We also name two registers for use in the code. There are two classes of registers in Thunder: integer and floating point, and the integer registers are divided into the callee-save registers vm_ireg[0..vm_nvreg)
and the caller-save registers vm_ireg[vm_nvreg..vm_nireg)
. Thus, vm_nvreg
is the number of callee-save registers, guaranteed to be preserved across each function call, and vm_nireg
is the total number of integer registers, including any caller-save registers that are not preserved across function calls. The floating point registers vm_freg[0..vm_nfreg)
are all caller-save.
This scheme is convenient, because it's safe to use callee-save registers as if they were caller-save, but not vice versa. Thunder guarantees that all callee-save registers that are used in a function body are saved on entry to the function and restored on exit, either by saving them all regardless, or by monitoring register use in the function body and saving registers as needed.
All existing implementations of Thunder provide at least 2 callee-save registers, at least 7 integer registers altogether, and at least 6 floating-point registers. Smart applications (like the OBC JIT) have their own scheme for managing registers, and can use additional registers if they exist. Simpler applications may use a fixed number of registers for fixed purposes, and can safely ignore any registers they don't need. It's wise to include an assertion like assert(vm_nvreg >= 2 && vm_nireg >= 4)
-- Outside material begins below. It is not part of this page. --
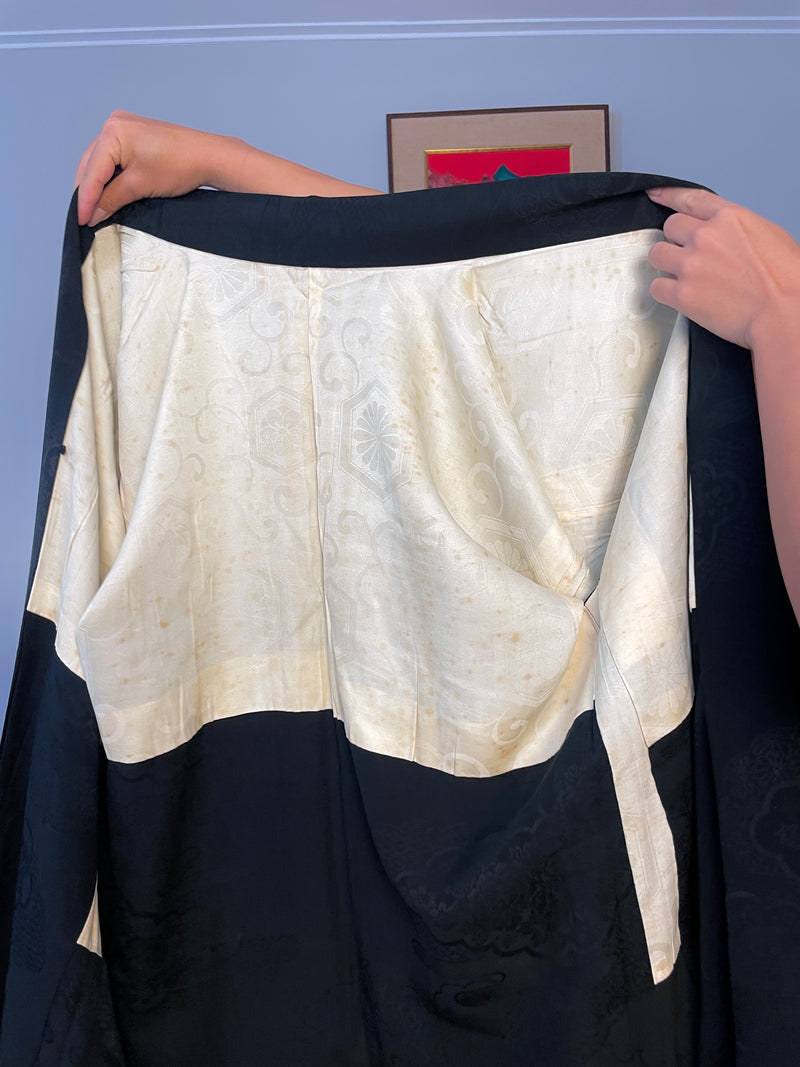 Haori Black with Black Motif Embroidered in Silk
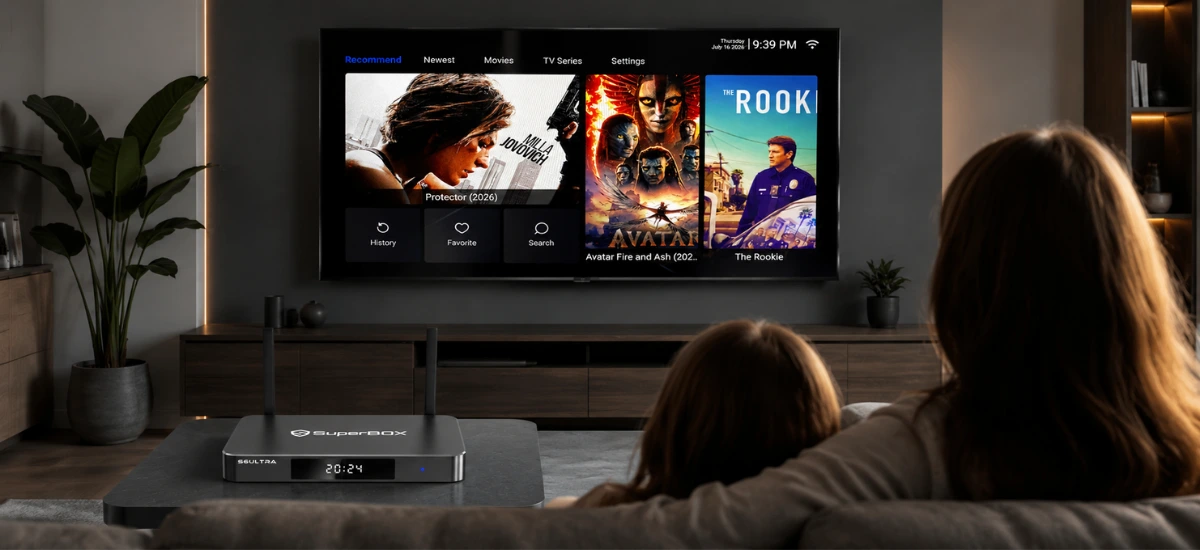 SuperBox S6 Ultra Blue VOD platform with thousands of movies and TV series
in the main program to document the assumptions made by a program, and protect against surprises if future implementations provide fewer registers than expected.
The program continues.
entry = vm_begin("fact", 1); vm_gen(GETARG, r0, 0); vm_gen(MOV, r1, 1);
Here we begin compiling a Thunder procedure: its name is fact
, and it has one (integer) argument. Thunder supports up to three incoming arguments, all of integer or pointer type, and three outgoing arguments for function calls that appear in the body of a function. We save the entry address of the function as the value of entry
. The name fact
doesn't greatly matter, except that there is a debugging feature that lets you save the code for the procedure in a file named fact.dump
.
The second line is the first instruction in the body of the procedure, generated by calling the interface function vm_gen
that takes a variable number of arguments. The instruction GETARG r0, 0
fetches the first argument (numbered 0) and puts in register r0
. This argument could, according to the host architecture, be passed on the stack or in a register – we don't know – but the GETARG
instruction is implemented in the appropriate way. Incoming arguments are guaranteed to remain available until the first instruction in the function body that is not a GETARG
instruction, but not after that. Most applications fetch the arguments immediately on entry and save them in registers or memory. The third line adds another instruction, setting register r1
to 1.[3]
Now begins the main loop of the factorial function, which repeatedly decrements r0
towards zero, and keeps a running product in r1
. What you see here is a sequence of instructions, each adding one line to the assembly-language program we are putting together.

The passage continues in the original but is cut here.